The announcement represents a significant setback to Apple's recovery at a critical time for the company. Since the company's staggering $700 million loss for its second quarter last year, Apple had started to show some signs of improvement. It cut more than 4,000 jobs to reduce its workforce to 13,000 and posted a 6.5 percent increase in revenues and a profit of $25 million in its fourth quarter.

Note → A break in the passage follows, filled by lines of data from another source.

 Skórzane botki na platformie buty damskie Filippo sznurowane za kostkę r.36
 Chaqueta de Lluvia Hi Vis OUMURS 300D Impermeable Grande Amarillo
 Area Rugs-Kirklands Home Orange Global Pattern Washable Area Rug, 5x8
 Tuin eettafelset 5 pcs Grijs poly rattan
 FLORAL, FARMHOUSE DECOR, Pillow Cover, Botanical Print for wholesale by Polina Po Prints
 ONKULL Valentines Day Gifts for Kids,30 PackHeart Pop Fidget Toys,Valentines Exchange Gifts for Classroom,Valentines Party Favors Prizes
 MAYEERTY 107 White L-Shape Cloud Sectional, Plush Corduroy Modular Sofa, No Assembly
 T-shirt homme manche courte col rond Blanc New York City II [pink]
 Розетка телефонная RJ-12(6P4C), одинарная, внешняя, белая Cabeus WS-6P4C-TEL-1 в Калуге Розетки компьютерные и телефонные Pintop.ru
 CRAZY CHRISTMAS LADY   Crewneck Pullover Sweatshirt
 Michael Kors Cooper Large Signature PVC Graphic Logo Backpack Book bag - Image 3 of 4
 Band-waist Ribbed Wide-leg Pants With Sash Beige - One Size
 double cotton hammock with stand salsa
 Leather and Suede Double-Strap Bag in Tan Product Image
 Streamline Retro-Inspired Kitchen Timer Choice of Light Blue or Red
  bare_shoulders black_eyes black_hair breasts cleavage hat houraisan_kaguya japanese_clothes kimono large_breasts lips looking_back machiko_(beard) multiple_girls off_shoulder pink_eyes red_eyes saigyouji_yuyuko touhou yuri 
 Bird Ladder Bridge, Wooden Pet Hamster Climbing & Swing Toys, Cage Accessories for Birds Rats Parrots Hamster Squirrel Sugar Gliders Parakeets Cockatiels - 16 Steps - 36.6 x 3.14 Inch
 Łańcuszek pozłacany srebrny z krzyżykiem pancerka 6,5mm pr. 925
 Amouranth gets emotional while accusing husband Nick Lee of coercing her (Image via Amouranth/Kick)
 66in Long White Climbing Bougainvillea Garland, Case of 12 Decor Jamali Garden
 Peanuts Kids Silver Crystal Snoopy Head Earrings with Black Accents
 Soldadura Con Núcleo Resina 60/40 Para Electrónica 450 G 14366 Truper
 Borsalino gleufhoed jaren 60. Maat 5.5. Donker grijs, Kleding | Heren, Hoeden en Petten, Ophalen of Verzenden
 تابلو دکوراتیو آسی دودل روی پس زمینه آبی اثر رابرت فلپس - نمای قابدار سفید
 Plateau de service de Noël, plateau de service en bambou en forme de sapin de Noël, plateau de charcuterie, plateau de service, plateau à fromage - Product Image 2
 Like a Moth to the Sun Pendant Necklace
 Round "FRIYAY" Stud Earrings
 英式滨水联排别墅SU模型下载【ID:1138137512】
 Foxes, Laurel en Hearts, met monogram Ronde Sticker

Apple did say it expects to save some research and development costs via its Next acquisition in the first quarter. The company announced last month that it plans to use Next's technology to aid in the development of a new operating system. But, here again, Glazer for one doesn't buy it: "They can't cut their R&D costs substantially because the new OS is not here yet and has yet to be developed."

Further draining Apple's resources will be last month's surprise acquisition of Next Software, a $400 million transaction designed to give the computer maker a new operating system, as well as bring former chairman Steve Jobs back to the company he cofounded as an adviser to Amelio. Apple plans to write off $300 million during the second quarter ending March 31 and amortize the remainder over the next five to seven years.

The company is still trying to put a brave face, however, on the news.

"Though consumer demand for personal computers in the United States was soft for the industry in general last quarter, the weakness in demand for Performa products in the U.S. is an obvious disappointment," said Fred Anderson, Apple's chief financial officer, in a statement. But he added that the computer maker is encouraged by demand for its Power Macintosh and PowerBook products.

"We experienced nearly 40 percent year-over-year unit growth in server sales during the quarter," Anderson said. "And our development efforts for an exciting new product year in 1997 remain on track."